Directions for this task
Using the records that follow, count the lines containing the word "lamp" and give that number only.

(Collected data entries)
----------

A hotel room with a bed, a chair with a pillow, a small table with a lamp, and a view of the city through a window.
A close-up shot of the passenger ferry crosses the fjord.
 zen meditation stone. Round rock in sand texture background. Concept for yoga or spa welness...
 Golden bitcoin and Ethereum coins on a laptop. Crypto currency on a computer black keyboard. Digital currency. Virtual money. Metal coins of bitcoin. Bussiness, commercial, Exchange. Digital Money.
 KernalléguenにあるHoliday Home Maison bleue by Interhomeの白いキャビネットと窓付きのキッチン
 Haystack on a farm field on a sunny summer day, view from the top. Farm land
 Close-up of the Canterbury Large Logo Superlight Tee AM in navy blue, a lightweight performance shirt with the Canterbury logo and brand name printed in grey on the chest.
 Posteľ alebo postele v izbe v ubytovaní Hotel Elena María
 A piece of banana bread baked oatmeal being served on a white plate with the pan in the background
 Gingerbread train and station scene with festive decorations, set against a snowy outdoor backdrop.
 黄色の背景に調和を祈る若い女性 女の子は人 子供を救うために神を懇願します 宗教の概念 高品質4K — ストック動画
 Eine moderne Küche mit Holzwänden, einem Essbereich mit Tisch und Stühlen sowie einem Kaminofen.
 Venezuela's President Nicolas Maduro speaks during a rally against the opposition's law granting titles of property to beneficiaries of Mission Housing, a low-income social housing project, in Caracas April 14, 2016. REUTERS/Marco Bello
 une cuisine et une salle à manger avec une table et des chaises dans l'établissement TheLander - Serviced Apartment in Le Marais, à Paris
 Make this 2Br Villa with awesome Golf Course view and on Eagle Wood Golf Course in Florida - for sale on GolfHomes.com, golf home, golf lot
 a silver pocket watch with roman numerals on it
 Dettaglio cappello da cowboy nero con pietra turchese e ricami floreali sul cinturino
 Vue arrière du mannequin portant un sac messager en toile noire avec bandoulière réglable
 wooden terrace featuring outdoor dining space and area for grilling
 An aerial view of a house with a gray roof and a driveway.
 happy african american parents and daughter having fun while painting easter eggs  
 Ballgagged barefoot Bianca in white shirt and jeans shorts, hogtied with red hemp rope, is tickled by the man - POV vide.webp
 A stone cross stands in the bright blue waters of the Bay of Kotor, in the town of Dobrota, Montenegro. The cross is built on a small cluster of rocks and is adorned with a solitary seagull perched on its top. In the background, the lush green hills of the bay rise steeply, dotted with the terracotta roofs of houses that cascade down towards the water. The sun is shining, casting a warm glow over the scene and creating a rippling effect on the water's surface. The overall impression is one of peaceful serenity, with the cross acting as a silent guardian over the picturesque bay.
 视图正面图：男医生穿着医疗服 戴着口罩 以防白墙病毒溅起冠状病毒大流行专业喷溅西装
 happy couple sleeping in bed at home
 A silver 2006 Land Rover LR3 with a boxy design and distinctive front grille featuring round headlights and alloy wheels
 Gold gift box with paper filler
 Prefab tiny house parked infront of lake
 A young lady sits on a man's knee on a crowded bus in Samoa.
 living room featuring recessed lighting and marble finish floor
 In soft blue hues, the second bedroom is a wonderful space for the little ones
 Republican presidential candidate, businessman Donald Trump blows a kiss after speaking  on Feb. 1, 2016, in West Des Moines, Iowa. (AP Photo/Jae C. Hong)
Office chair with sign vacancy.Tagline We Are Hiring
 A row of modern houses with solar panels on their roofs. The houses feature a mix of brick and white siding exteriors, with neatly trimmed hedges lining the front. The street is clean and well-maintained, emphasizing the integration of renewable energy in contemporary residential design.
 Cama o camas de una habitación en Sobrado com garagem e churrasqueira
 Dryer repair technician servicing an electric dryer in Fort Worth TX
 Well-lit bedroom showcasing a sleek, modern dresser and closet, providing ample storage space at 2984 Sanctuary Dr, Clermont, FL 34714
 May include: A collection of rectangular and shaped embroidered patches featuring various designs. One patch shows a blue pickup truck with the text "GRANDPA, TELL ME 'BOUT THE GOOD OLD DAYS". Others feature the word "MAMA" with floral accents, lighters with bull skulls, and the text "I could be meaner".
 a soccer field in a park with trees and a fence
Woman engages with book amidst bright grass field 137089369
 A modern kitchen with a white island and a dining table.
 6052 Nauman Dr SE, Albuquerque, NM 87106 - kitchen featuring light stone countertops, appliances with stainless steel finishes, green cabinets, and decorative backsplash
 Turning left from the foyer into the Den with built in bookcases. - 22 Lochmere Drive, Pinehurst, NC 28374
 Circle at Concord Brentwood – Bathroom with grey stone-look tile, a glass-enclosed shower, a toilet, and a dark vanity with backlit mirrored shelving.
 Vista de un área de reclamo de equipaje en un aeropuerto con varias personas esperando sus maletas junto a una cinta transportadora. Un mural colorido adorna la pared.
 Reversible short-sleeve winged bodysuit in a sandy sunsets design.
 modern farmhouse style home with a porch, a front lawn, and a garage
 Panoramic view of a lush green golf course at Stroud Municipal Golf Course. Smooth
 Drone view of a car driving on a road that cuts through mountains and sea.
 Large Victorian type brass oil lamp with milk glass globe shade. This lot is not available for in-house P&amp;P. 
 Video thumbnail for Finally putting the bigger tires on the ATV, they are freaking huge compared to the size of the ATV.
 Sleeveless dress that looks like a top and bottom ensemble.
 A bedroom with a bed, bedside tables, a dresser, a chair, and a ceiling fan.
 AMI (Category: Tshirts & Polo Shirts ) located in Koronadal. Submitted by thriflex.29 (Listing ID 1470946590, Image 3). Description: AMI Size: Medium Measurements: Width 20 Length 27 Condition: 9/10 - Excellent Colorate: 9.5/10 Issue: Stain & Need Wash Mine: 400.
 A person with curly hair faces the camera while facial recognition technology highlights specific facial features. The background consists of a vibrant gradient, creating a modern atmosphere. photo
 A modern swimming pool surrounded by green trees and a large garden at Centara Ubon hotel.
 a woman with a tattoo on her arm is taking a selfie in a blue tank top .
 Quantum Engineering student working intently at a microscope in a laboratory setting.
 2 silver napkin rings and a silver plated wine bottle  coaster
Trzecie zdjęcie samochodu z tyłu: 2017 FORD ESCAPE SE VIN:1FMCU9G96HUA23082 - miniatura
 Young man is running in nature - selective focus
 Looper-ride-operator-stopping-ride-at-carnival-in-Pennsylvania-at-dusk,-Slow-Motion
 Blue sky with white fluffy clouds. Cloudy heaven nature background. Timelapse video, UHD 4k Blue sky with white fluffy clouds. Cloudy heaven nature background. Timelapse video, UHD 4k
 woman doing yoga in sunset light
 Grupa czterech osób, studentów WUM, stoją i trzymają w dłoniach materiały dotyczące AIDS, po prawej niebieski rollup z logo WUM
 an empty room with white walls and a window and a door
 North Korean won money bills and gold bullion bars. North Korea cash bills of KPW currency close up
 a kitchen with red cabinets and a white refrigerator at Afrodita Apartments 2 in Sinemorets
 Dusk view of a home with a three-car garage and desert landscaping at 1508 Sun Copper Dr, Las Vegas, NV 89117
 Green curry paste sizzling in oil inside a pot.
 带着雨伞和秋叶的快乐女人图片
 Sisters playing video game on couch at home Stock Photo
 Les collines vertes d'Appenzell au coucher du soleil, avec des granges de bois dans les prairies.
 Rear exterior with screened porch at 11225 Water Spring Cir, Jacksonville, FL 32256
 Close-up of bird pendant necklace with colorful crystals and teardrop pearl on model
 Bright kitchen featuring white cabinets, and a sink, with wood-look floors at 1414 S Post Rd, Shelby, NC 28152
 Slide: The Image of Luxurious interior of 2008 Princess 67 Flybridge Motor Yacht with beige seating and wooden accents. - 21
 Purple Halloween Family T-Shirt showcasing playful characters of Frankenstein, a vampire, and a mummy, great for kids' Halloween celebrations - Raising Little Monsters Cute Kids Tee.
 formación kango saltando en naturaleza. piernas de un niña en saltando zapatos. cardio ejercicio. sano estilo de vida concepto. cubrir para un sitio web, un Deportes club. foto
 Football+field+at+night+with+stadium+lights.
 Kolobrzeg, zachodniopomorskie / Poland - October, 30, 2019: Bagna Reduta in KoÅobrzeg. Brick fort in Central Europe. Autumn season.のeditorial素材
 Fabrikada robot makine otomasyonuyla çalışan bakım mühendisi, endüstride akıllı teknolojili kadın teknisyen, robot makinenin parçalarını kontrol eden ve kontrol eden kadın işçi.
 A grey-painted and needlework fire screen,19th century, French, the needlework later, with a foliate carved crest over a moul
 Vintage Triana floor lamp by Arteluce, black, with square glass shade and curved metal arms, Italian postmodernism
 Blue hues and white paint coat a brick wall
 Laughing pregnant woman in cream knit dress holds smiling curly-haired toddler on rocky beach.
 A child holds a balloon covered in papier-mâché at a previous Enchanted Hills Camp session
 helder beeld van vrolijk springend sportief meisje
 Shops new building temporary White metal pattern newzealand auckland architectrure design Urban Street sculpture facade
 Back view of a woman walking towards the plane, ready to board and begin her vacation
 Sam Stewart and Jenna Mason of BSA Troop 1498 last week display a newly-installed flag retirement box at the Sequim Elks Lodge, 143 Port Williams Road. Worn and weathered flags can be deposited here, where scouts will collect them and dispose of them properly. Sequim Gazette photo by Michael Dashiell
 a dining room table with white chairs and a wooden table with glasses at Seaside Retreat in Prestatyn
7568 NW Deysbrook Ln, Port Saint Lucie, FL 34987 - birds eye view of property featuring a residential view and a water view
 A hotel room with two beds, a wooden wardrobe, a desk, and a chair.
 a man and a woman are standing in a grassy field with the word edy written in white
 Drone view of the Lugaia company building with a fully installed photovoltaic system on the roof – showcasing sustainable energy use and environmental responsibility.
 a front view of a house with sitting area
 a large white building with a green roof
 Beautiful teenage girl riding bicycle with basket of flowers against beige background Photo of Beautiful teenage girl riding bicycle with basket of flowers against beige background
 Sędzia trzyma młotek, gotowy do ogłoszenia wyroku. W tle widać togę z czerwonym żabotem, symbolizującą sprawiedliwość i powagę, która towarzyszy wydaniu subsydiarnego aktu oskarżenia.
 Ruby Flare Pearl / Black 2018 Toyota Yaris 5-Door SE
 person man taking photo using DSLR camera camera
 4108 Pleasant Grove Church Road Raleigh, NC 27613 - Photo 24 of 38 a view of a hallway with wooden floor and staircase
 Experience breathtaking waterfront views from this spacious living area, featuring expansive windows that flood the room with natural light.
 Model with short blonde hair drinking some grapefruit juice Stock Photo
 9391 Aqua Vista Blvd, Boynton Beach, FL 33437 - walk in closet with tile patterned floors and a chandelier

----------

Output for this task
3